Items from a dataset:
------------------------------------------------
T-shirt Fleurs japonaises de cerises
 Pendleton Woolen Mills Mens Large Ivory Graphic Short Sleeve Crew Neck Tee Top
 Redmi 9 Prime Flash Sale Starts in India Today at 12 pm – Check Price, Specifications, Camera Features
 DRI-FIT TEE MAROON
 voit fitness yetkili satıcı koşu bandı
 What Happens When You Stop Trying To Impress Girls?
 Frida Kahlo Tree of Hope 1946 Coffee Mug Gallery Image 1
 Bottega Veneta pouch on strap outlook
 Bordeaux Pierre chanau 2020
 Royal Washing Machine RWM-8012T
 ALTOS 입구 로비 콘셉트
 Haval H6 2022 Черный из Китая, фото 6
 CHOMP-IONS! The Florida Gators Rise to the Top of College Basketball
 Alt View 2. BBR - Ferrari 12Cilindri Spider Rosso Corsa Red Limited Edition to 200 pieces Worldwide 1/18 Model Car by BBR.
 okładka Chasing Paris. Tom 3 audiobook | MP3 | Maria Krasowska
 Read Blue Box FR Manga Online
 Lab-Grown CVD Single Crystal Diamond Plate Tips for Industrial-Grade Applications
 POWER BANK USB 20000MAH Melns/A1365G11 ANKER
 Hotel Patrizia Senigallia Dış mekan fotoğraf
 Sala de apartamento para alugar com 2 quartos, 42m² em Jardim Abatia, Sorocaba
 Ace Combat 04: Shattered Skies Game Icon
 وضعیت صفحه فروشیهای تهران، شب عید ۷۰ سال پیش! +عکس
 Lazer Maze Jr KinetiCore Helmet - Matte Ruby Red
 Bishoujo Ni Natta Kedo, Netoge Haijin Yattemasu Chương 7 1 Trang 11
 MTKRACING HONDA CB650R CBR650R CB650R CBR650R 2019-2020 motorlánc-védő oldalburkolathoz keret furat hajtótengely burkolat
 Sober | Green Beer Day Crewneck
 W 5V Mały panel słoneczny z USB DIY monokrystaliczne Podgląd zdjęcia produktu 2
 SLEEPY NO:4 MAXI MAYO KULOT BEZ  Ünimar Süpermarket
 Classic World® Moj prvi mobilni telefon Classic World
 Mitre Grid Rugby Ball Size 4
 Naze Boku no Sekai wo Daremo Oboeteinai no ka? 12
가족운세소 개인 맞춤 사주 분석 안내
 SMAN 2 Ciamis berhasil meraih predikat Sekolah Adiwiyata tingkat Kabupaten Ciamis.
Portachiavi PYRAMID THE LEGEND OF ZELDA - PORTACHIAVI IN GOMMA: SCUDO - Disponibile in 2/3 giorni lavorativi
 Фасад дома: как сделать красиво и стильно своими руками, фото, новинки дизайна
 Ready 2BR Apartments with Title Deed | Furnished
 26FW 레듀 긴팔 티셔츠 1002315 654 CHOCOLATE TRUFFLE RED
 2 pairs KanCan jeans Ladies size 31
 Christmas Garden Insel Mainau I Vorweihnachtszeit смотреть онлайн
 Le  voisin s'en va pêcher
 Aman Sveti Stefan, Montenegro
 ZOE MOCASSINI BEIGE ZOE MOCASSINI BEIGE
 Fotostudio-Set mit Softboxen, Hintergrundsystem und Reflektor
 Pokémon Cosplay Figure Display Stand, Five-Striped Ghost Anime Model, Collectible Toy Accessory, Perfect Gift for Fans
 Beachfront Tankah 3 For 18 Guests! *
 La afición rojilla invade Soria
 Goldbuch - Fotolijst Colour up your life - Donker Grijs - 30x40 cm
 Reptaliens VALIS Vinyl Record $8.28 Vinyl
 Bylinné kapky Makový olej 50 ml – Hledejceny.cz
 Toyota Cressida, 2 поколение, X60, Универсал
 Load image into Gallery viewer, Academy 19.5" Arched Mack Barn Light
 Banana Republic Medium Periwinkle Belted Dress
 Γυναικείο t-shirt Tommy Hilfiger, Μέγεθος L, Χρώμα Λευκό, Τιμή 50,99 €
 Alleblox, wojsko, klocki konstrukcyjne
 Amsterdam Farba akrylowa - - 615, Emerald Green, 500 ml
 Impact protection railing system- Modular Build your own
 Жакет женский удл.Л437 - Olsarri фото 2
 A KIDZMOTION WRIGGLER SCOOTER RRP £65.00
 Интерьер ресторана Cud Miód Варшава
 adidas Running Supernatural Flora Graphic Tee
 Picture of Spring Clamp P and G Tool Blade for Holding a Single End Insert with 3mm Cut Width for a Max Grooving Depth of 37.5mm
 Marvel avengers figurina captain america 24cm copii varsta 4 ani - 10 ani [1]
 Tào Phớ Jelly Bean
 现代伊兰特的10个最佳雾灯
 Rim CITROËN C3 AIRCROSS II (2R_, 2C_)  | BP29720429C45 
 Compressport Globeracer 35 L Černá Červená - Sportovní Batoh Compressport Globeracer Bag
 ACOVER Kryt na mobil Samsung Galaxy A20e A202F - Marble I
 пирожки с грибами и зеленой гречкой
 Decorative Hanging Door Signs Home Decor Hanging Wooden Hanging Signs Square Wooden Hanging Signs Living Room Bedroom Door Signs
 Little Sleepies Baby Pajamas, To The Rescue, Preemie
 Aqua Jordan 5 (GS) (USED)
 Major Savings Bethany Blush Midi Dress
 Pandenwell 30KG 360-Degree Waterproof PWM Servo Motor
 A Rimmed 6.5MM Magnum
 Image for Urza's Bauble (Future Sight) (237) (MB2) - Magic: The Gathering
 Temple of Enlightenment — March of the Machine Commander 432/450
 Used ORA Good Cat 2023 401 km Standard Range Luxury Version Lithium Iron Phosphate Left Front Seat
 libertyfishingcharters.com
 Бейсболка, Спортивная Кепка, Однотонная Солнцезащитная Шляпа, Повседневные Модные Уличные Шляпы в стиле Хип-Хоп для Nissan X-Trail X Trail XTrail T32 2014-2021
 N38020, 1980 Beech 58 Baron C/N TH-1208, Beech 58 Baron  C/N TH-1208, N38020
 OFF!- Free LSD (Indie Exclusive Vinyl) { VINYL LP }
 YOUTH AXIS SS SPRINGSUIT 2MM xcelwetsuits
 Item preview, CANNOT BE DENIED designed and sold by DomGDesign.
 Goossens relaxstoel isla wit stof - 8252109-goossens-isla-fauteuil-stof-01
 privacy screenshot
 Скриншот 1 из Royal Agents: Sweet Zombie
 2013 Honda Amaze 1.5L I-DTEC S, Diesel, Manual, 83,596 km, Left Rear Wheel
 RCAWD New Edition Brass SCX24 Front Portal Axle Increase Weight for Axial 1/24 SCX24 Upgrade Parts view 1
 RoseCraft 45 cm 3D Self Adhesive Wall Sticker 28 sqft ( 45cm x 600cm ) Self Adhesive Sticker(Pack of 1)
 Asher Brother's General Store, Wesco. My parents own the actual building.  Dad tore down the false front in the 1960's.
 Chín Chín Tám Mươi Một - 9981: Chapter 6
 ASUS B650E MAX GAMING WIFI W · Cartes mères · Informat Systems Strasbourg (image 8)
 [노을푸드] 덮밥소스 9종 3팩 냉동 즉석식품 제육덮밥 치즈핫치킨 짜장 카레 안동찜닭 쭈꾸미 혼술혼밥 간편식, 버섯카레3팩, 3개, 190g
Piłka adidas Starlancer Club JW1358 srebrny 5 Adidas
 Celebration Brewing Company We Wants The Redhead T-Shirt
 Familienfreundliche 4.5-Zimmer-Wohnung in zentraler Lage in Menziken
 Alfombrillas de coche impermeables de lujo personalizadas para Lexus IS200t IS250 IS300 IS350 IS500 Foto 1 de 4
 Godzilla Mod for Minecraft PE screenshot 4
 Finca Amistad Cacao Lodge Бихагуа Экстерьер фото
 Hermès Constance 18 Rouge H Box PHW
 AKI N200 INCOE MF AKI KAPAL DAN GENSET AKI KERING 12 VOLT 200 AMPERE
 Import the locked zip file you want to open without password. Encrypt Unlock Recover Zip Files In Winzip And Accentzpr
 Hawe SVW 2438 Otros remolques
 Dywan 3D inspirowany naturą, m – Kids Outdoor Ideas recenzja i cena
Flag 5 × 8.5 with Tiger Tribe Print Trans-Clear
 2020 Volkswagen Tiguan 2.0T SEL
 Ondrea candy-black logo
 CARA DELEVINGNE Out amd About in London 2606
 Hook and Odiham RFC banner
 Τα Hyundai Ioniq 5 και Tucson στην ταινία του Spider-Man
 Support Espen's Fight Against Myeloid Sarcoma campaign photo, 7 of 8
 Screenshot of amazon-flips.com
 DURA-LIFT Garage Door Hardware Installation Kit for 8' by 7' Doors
------------------------------------------------
**WHAT YOU HAVE TO DO**
Could you report how many lines of the entries include the word "your"? Only the number is needed.

**EXERCISE SOLUTION**
2